The National Chairman of the NDC, Johnson Asiedu Nketiah was still repeating the charge as late as March 2023, declaring the Akufo-Addo regime a textbook case of “family and friends” politics.
That rhetoric mattered. It suggested the NDC as a principled alternative, promising governance by merit rather than bloodline.
Yet, since returning to power in January 2025, the Mahama government’s own appointments show the party has traded the soapbox for the same seat it once scorned.
Consider this record: Asiedu Nketiah was sworn in as Board Chairman of the Ghana Ports and Harbours Authority (GPHA) on June 25, 2025. Dr. Kwaku Asiedu-Nketiah, who is widely reported as the son of the NDC Chairman himself, was appointed Acting Deputy CEO of the Minerals Income Investment Fund in January 2025. Joyce Bawah Mogtari, long a close aide of President Mahama was retained as Senior Presidential Adviser to the President, while her husband, Hudu Mogtari became Board Chairman of the Ghana Standards Authority in July 2025. Their family circle widened: Clara B. Arthur was made CEO of GhIPSS, and John Sheriff Bawa became Managing Director of the State Housing Company in March 2025. The wife of the NDC General Secretary, Dr Naomi Wolali Kwetey received her share of the “friends and families” appointments. Betty Mould Iddrisu gets a seat on the Council of State and his younger brother Alexander Mould heads the Millenium Development Authority.

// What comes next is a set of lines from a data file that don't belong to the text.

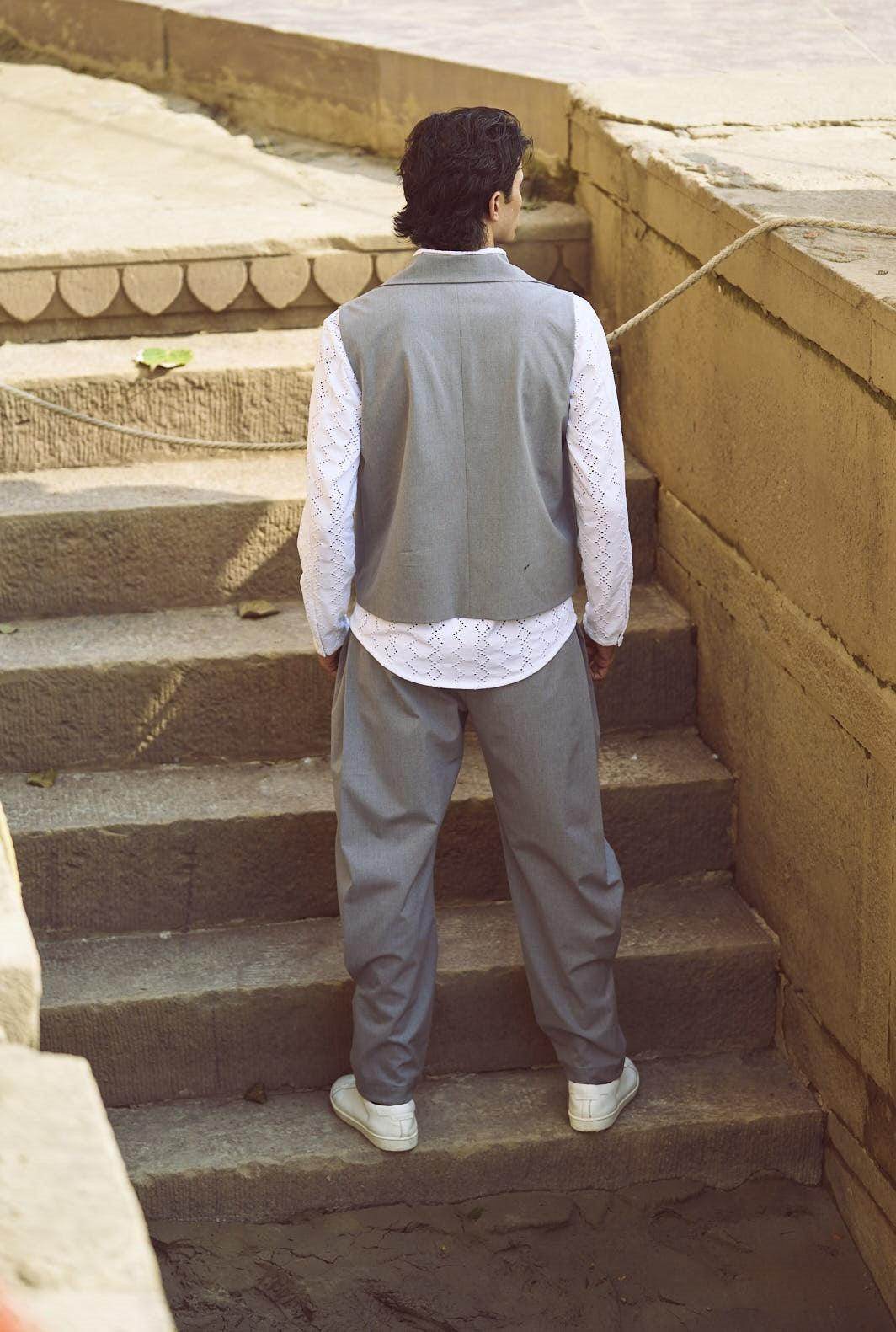 BOXY WAISTCOAT - dash and dot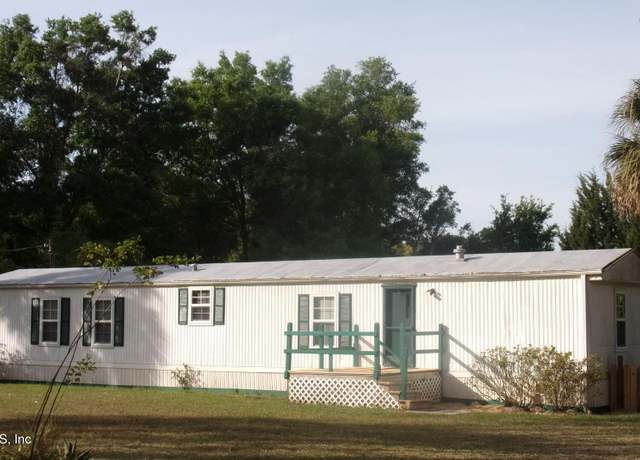 Property at 103 Yancey Cir, Satsuma, FL 32189, 3 beds, 2 baths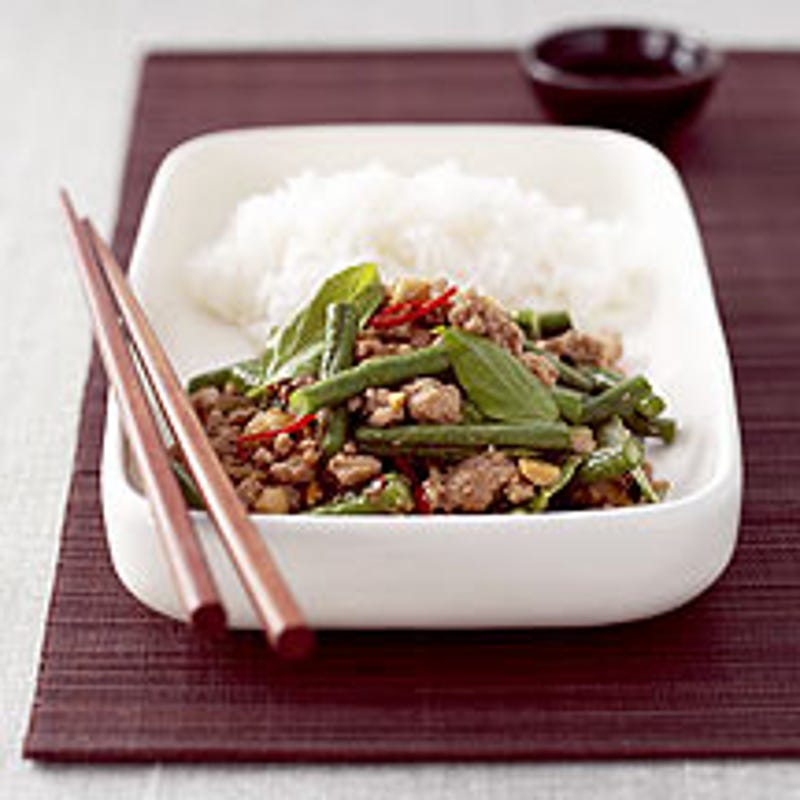 Foto van Thais wokgerecht met gehakt en pinda's door WW
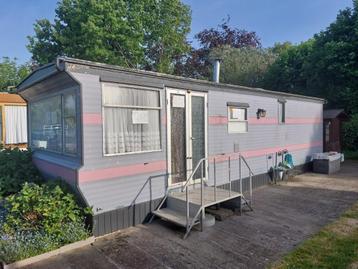 Staancaravan te geef. Zelf instaan voor verplaatsing!, Lac ou rivière, Autres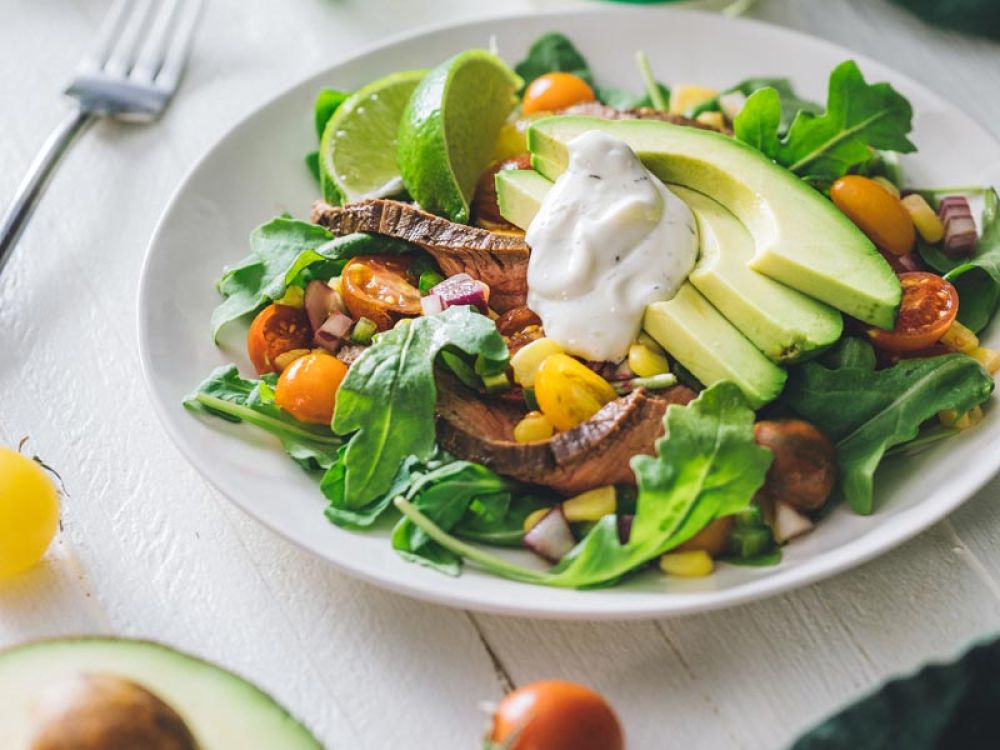 How to make Steak & Cherry Tomato Salad on Arugula with Ranch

The optics grow starker. In March 2025, Patience Baffoe-Bonnie was sworn in as Director-General of the Prisons Service. A month later, her husband, Justice Paul Baffoe-Bonnie, was elevated Acting Chief Justice. Around the same time, Malik Basintale took charge at the Youth Employment Agency while Samuel Basintale Amadu became Comptroller-General of the Immigration Service. These were appointments reported in media and linked by shared family ties.
I am still investigating other reported numerous cases of these “friends and families” appointments across various state institutions and will update readers in my next write up on this matter.
Defenders will argue; not without reason, that many of these individuals are competent, qualified professionals. Family relations should not automatically disqualify them from serving our country. That is not the point. The NDC made perception the standard. They set the bar themselves when they castigated the Akufo-Addo government as a nepotistic regime. By their own benchmark, the clustering of appointments around family and allies today looks hypocritical at best and cynical at worst.
The transformation is unmistakable: a party that once branded “family and friends” governance as political sin now indulges in the same practice. The Mahama administration could still salvage credibility by apologising to Ghanaians, creating a conflict-of-interest register, and proactively addressing all perceived nepotistic appointments made. But until then, the NDC’s metamorphosis from opposition purist to governing practitioner is complete — and Ghanaians are right to call it what it is: inconsistency dressed as governance.